Clair v. Whittaker

557 S.W.2d 236 | Mo. | 1977

SEILER, Judge.

In this case we are called upon to interpret amended § 473.340, RSMo, Supp. 1975, which was enacted by the legislature in 1973, repealing former §§ 473.343-357, RSMo 1969, dealing with the jurisdiction of and procedure in actions in probate court for the discovery of assets. Specifically, we are asked to decide whether the jurisdiction of the probate court under § 473.340 encompasses a challenge by a residuary legatee to the validity of an inter vivos contract for the sale of personal property to which decedent’s estate would otherwise be bound.

*238Plaintiff-appellant Helen S. Clair (who will hereafter be referred to as plaintiff) alleges herself to be the sole legatee and devisee under the last will and testament of decedent Joseph Hampton Robinson, filed in the probate court of Jackson County, Missouri. The will was admitted to probate and letters testamentary were issued. Decedent Robinson was the owner of a majority interest of the shares of common stock of two corporations; owning 4,905 shares in Robinson Shoe Company, a Missouri corporation, and 7,018 shares in Robinson Kansas Shoe Company, Inc., a Kansas corporation. Said shares, inventoried among the Robinson estate assets, were the subject of a petition filed in the probate court by defendant-respondent executor Kent E. Whit-taker (who will hereafter be referred to as defendant) for a proposed sale of said stock to the two respective corporations under purported stock redemption agreements which, it is claimed, obligate the executor so to sell the inventoried stock.

Plaintiff’s petition alleged that the two purported agreements between the decedent and the two corporations were void and unenforceable for several specific reasons, among them that the performance of the stock redemption contracts would effect a fraud on creditors, that it would be an unreasonable restraint on alienation of the subject stock, that the execution of said contracts were ultra vires acts by the two respective shoe corporations, and that the contracts were neither executed in accordance with the statute of wills nor effectively incorporated by reference into the decedent’s will.

Plaintiff’s petition was dismissed by the circuit court of Jackson County, after which, during the pendency of this issue on appeal to the court of appeals, Kansas City district, plaintiff Clair died.

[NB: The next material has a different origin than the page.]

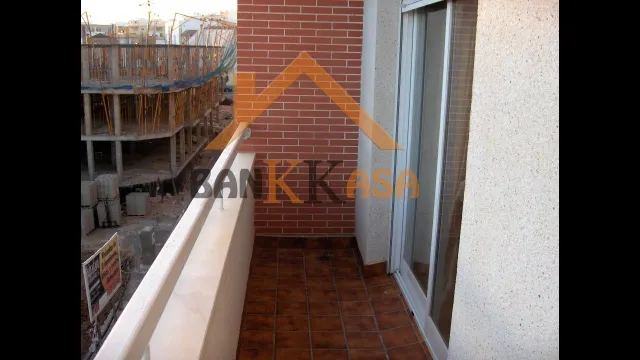 SE VENDE PISO EN EJIDO ZONA PABELLÓN — 4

One John J. Gaudio then moved to be substituted as the party appellant in the court of appeals, Gaudio being the deceased plaintiff’s personal representative in probate proceedings in the state of Colorado. In response to this motion, defendant moved that the action be abated, arguing that legatee Clair had no property interest in the stock, and since at common law and by subsequent statutes only actions for injury to property rights survive, the proceeding brought by Clair under § 473.340 remained personal to her and did not survive.

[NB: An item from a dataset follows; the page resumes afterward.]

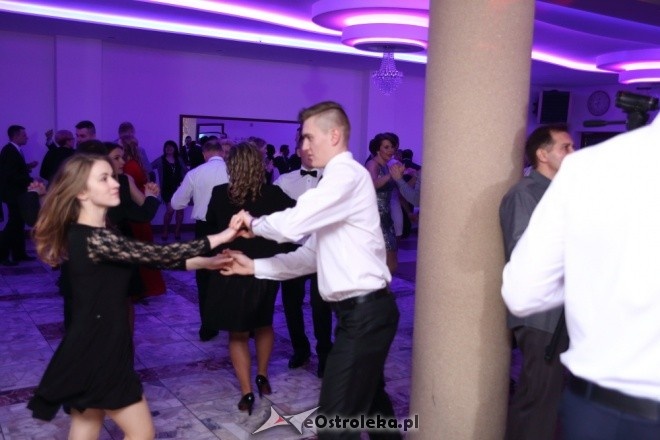 Studniówka maturzystów z Zespołu Szkół Powiatowych z Baranowa [16.01.2016] - zdjęcie #4 - eOstroleka.pl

The court of appeals denied defendant’s motion to abate and affirmed the finding of the trial court that plaintiff Clair lacked standing to petition under § 473.340 as she lacked the requisite claim of title or right of possession to the specific assets in dispute. We granted plaintiff’s motion to transfer and conclude the judgment must be reversed and the cause remanded.

On the question of abatement, defendant has argued that inasmuch as plaintiff’s purported cause of action is statutory, it is personal in nature and subject to abatement upon the death of the party plaintiff. In support of this contention, defendant cites a line of cases concerning will contest proceedings wherein we refused to permit the substitution of a personal representative following the death of a challenging party. Davis v. Davis, 252 S.W.2d 521 (Mo.1952); Campbell v. St. Louis Trust Co., 346 Mo. 200, 139 S.W.2d 935 (banc 1940); Braeuel v. Reuther, 270 Mo. 603, 193 S.W. 283 (1917).

These cases are clearly distinguishable, however. A will contest proceeding is extraordinary in that it is a proceeding in rem which brings into issue whether the offered instrument is a valid testament. An action which questions a will in probate casts upon those who claim the validity of the instrument the burden of proving the same. Once the will contest has been brought

the parties thereto become of minor importance; the prime purpose of the proceeding being to determine whether there is a will or not . . . [the court] having regularly acquired jurisdiction ... . will, regardless of the parties . review the record and render judgment thereon . . . . Braeuel v. Reuther, 270 Mo. 603, 606, 193 S.W. 283, 284 (1917).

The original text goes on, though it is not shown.